ABOUT THIS EXERCISE: With all pictures omitted, return verbatim the lines from the beginning of the records below through the line containing "Albufeira, Portugal - May".
RECORDS SHOWN Start Marker
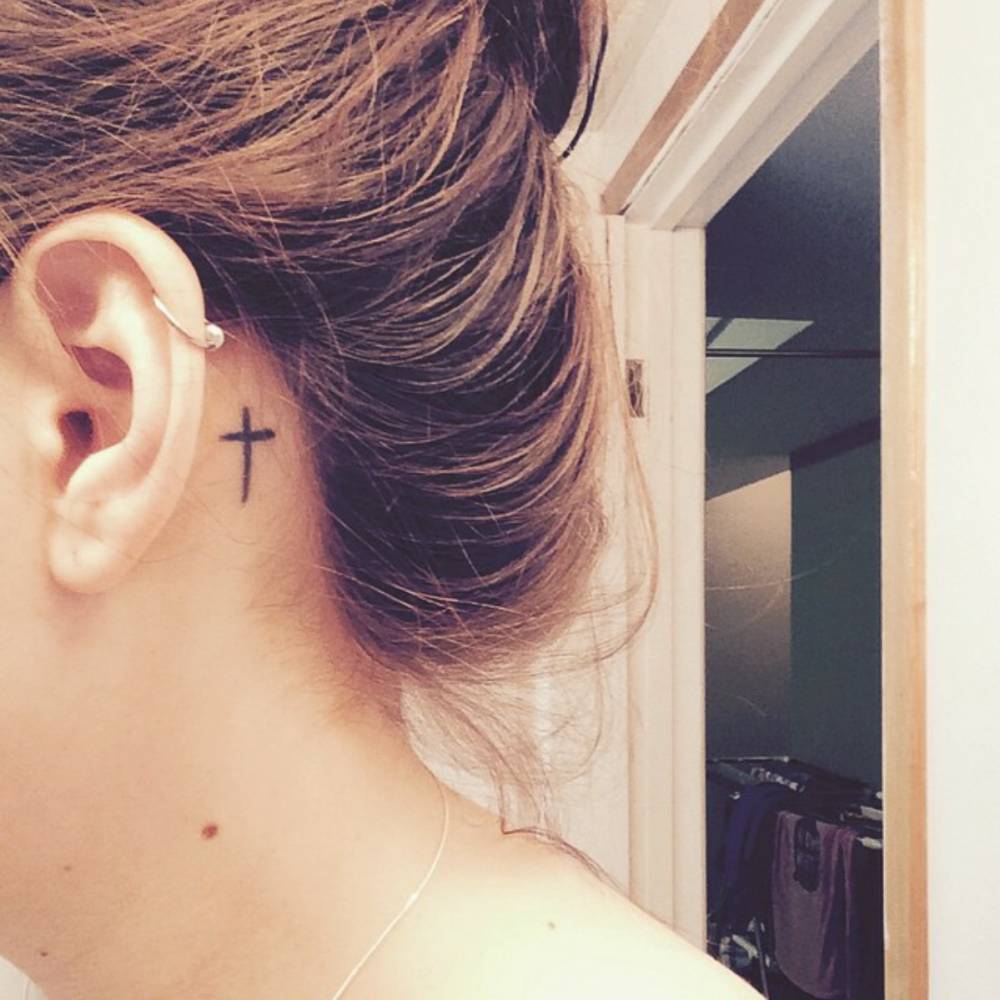 Simple Black Cross Tattoo On Girl Left Behind The Ear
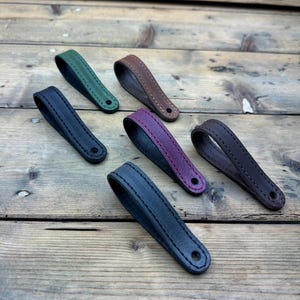 May include: Six leather loops in different colours, including green, brown, burgundy, black, and dark grey. The loops are stitched with a contrasting thread and have a hole at the end.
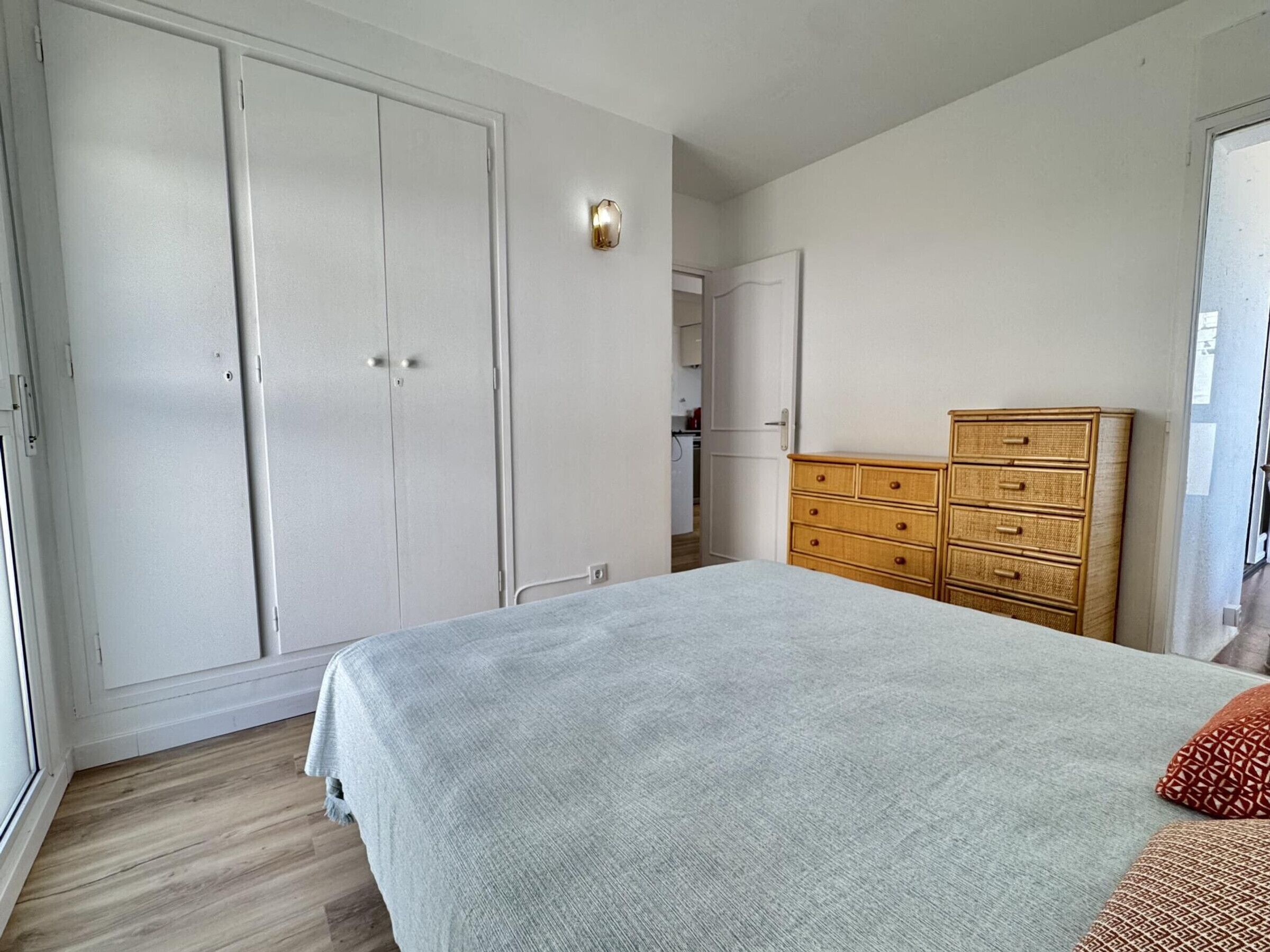 A bedroom with a bed, a wardrobe, a dresser, and a door leading to a bathroom.
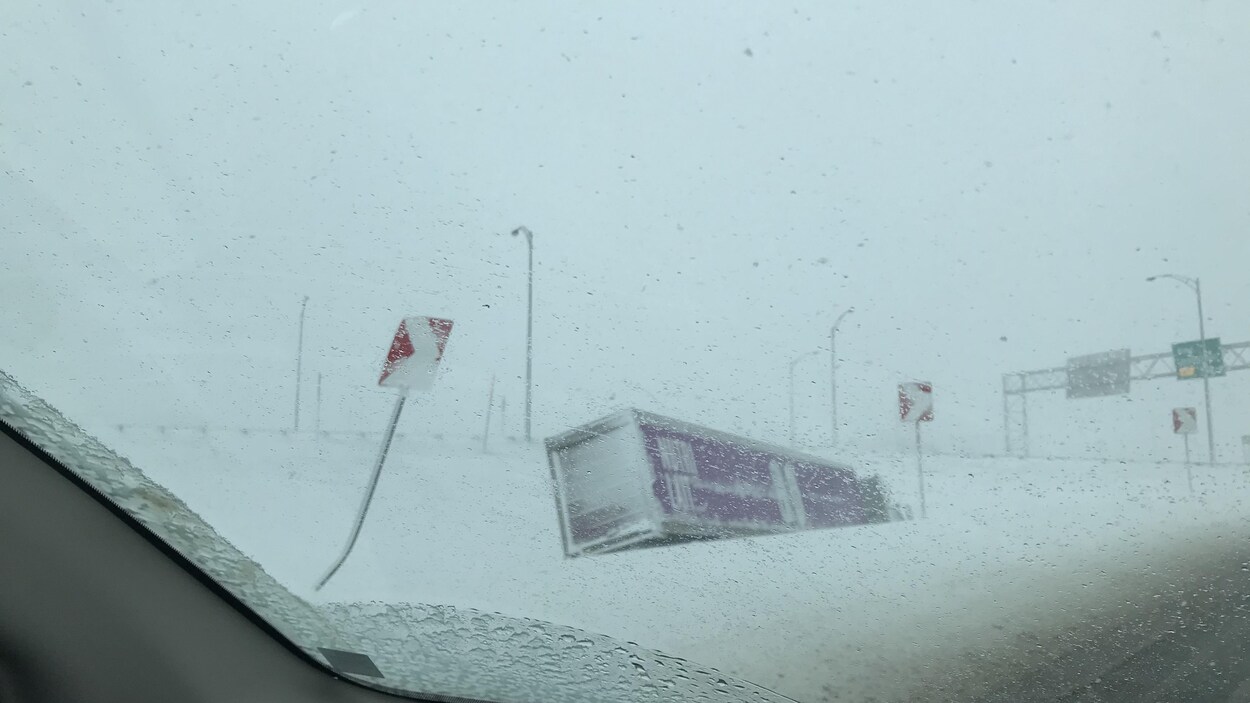 Un camion renversé dans la neige.
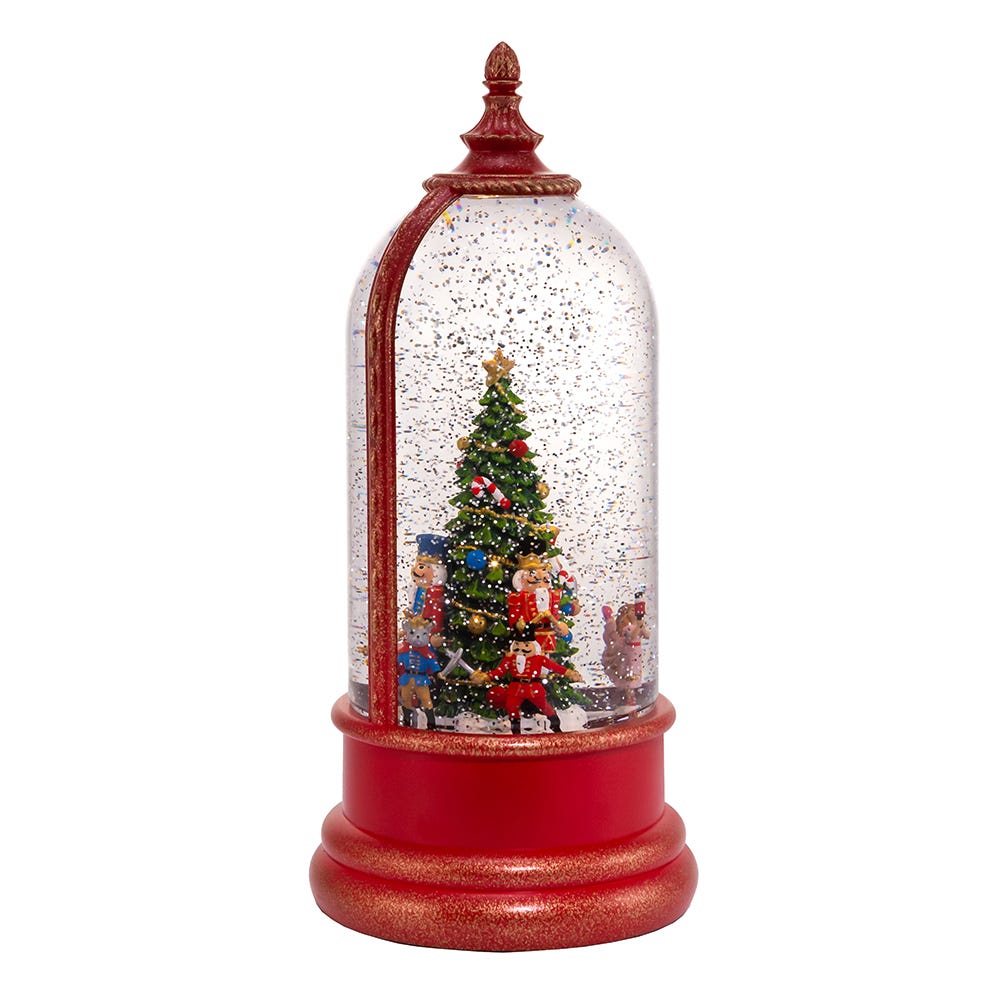 Front view of Musical Nutcracker Water Lantern showcasing red water-filled dome with Christmas tree and nutcrackers on white background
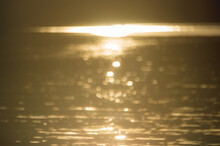 Abstract Blurry Background If Golden Water Surface At Sunset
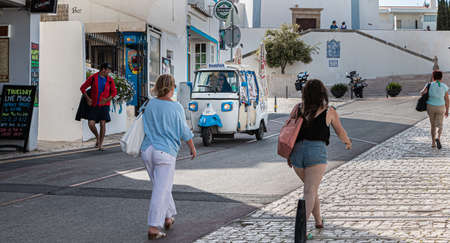Albufeira, Portugal - May 3, 2018: Tuk Tuk carrying tourists traveling on a street in the historic...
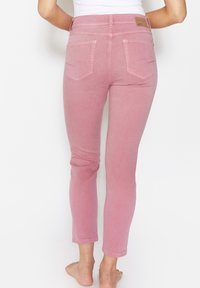 Růžové denimové džíny se slim fit střihem, zadními kapsami se švy a viditelnou koženou nášivkou značky na pase.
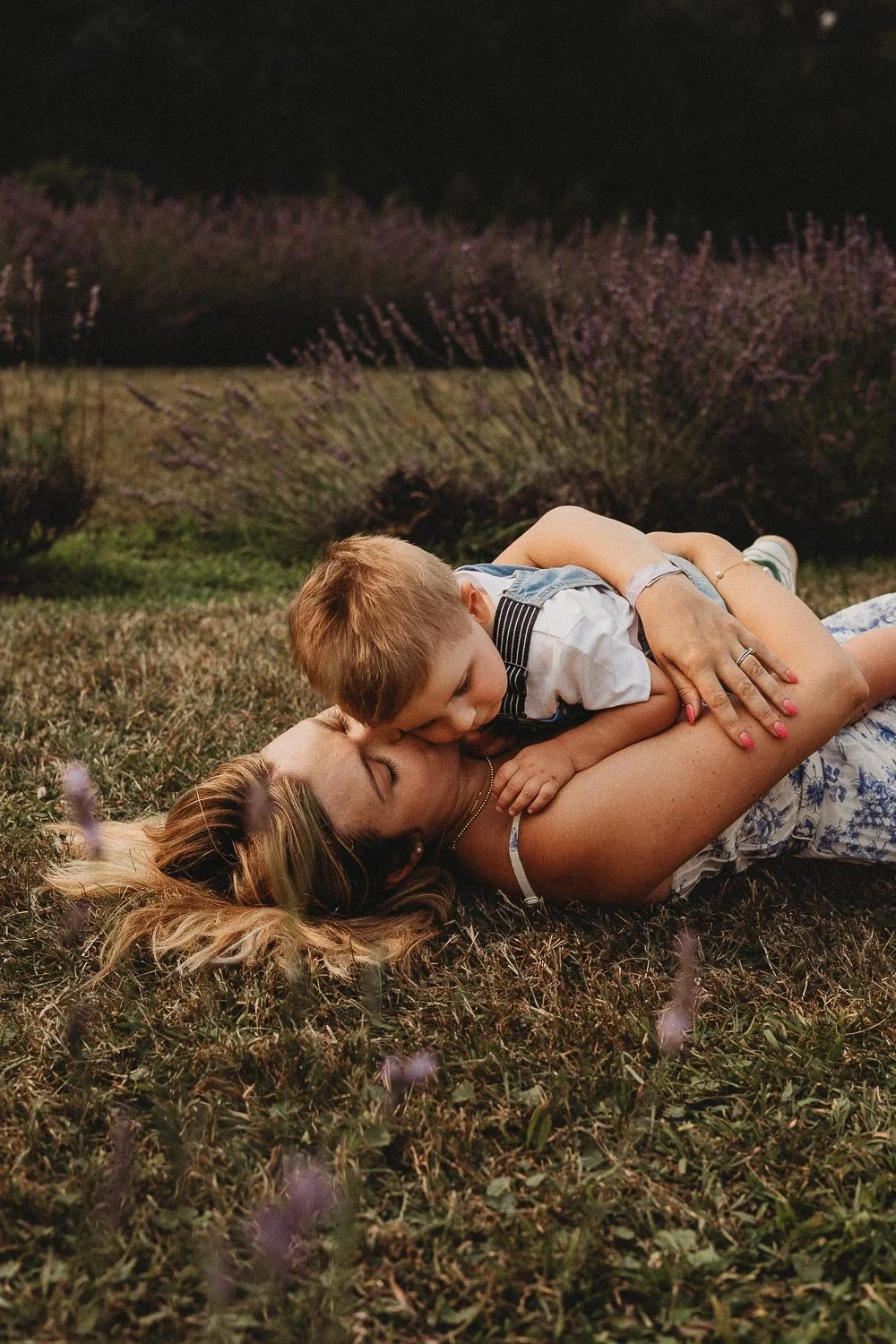 A woman and young child lying on the grass outdoors at night, hugging and kissing during a family photoshoot at La Maison Lavande, Quebec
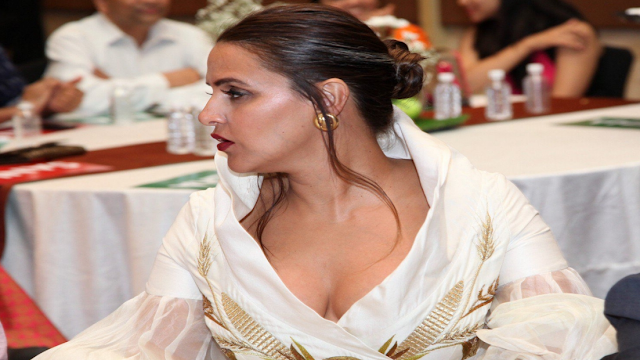 Neha Dhupia Posing Braless Bulging Melons & Deep Cleavy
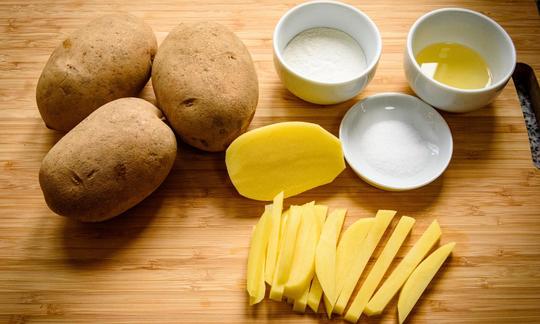 Ingredientes de la receta «patatas al horno caseras y bajas en grasa» en la mesa.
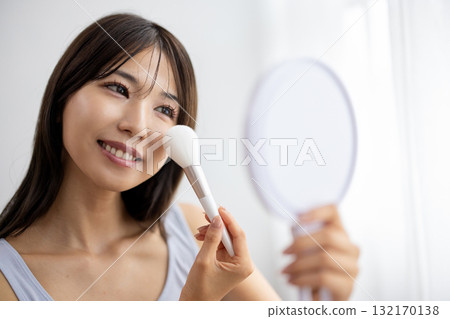 一位年輕女子一邊看著手鏡一邊化妝 132170138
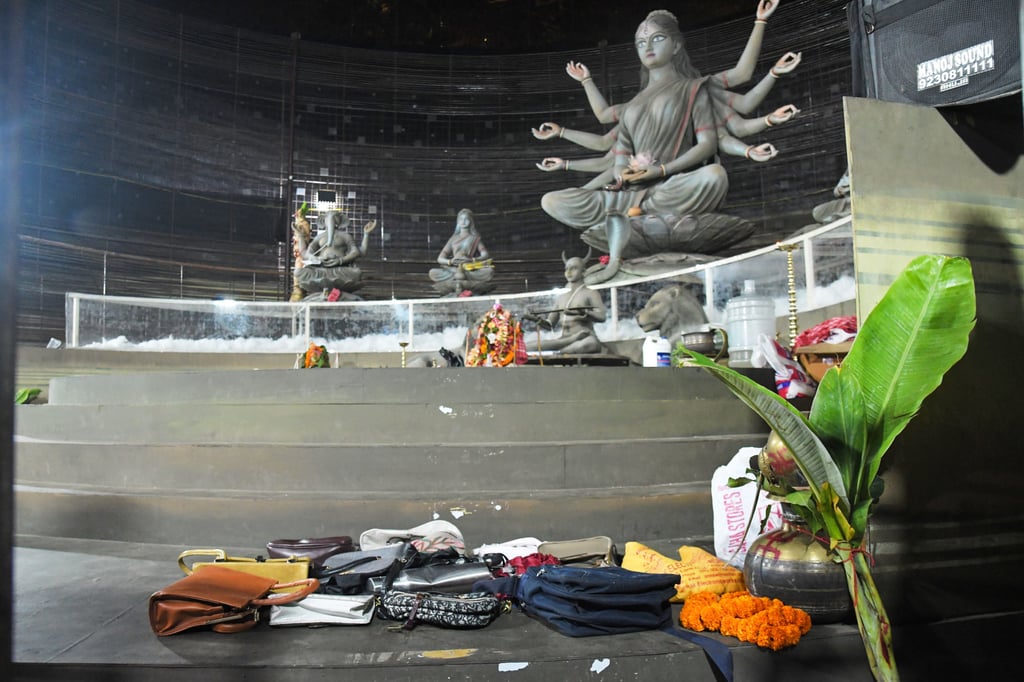 Purses and other belongings left behind by devotees lie on the floor of a worship venue on Saturday, following a stampede. Photo: AP Purses and other belongings left behind by devotees lie on the floor of a worship venue on Saturday, following a stampede. Photo: AP
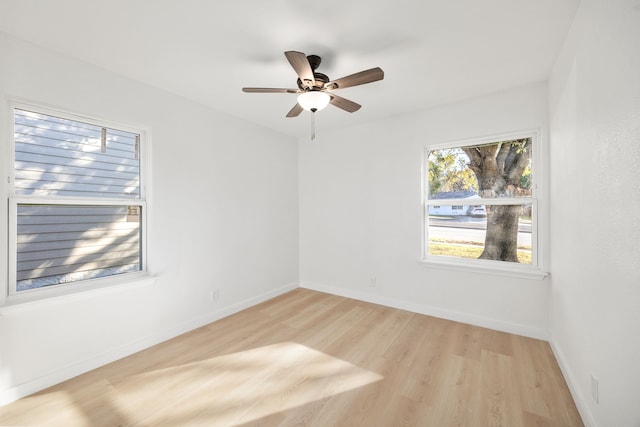 spare room featuring ceiling fan and light hardwood / wood-style floors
RECORDS SHOWN End Marker
RESULT:
 Simple Black Cross Tattoo On Girl Left Behind The Ear
 May include: Six leather loops in different colours, including green, brown, burgundy, black, and dark grey. The loops are stitched with a contrasting thread and have a hole at the end.
 A bedroom with a bed, a wardrobe, a dresser, and a door leading to a bathroom.
 Un camion renversé dans la neige.
 Front view of Musical Nutcracker Water Lantern showcasing red water-filled dome with Christmas tree and nutcrackers on white background
 Abstract Blurry Background If Golden Water Surface At Sunset
Albufeira, Portugal - May 3, 2018: Tuk Tuk carrying tourists traveling on a street in the historic...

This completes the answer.